Start of Block

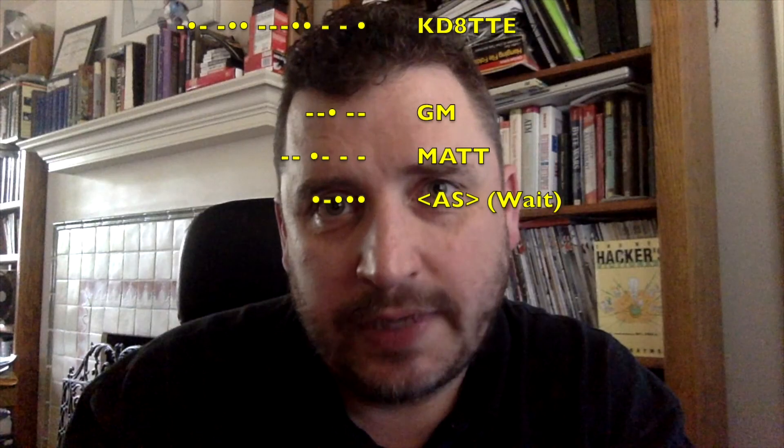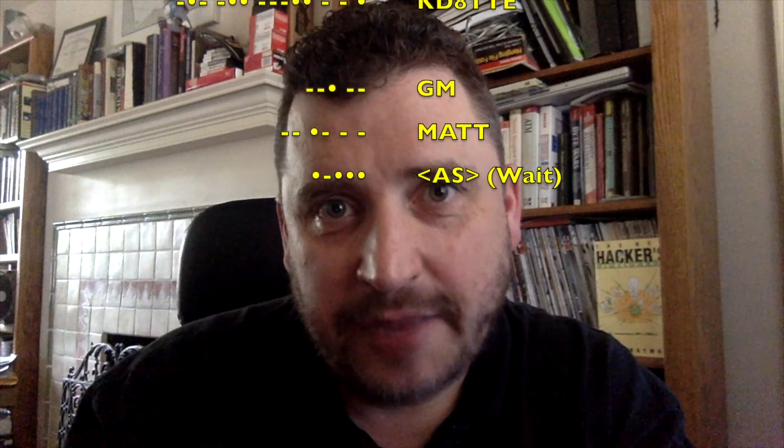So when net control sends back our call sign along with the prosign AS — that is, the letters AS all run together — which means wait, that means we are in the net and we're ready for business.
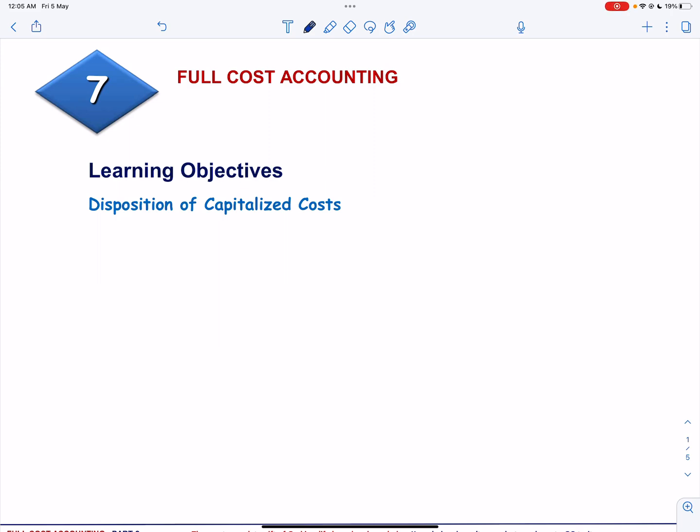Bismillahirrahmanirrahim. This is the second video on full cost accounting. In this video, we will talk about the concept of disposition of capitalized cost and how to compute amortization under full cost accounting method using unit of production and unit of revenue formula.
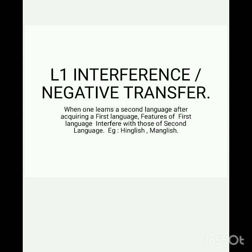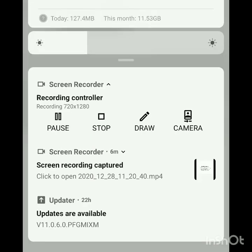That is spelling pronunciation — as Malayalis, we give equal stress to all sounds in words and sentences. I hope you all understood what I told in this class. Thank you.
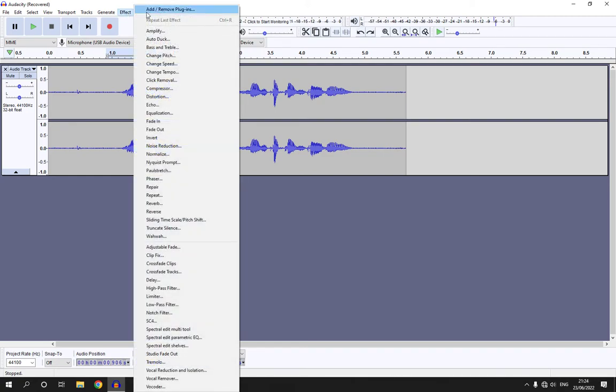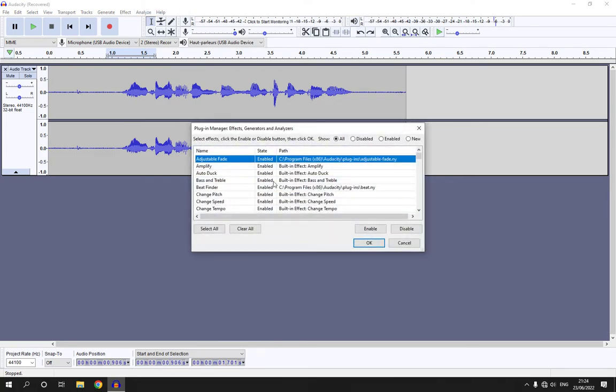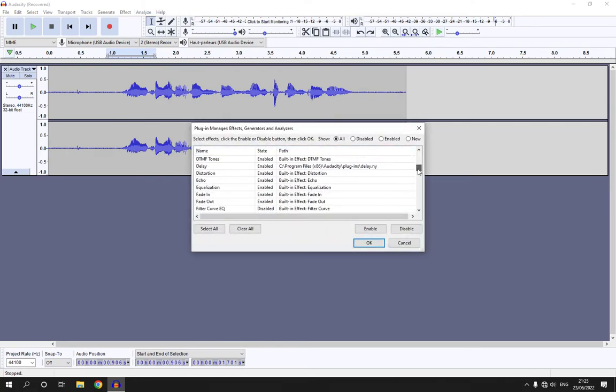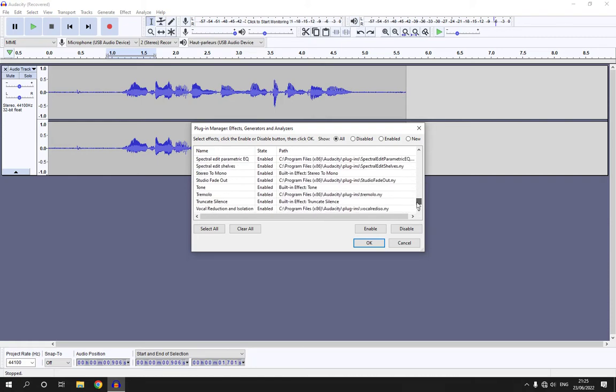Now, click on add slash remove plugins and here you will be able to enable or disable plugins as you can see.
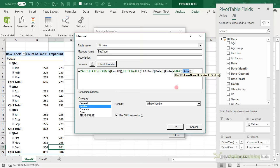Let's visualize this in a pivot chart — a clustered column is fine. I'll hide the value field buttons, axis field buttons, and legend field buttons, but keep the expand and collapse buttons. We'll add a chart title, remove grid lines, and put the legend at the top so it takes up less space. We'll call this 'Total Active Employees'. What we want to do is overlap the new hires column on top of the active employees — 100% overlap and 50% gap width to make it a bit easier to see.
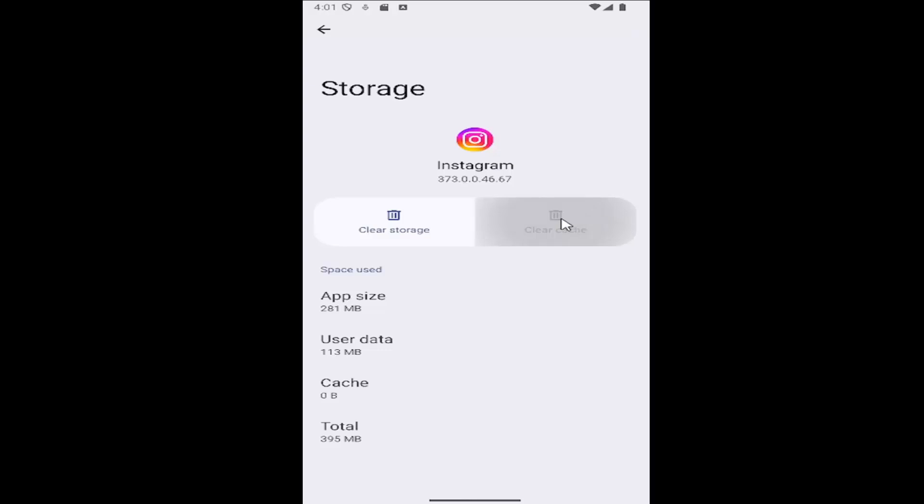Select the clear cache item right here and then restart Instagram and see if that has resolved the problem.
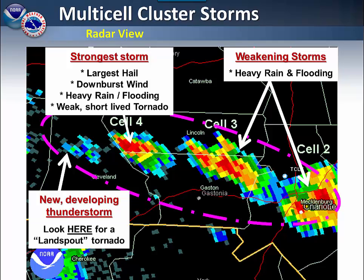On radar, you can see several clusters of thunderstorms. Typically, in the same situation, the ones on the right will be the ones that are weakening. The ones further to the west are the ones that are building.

End of Block

:: PROBLEM DETAILS ::
Between and including the line with "That is spelling" and the line with "Now, click on", repeat every line exactly as it appears above, with pictures left out.

:: ANSWER TO THIS PROBLEM ::
That is spelling pronunciation — as Malayalis, we give equal stress to all sounds in words and sentences. I hope you all understood what I told in this class. Thank you.
Now, click on add slash remove plugins and here you will be able to enable or disable plugins as you can see.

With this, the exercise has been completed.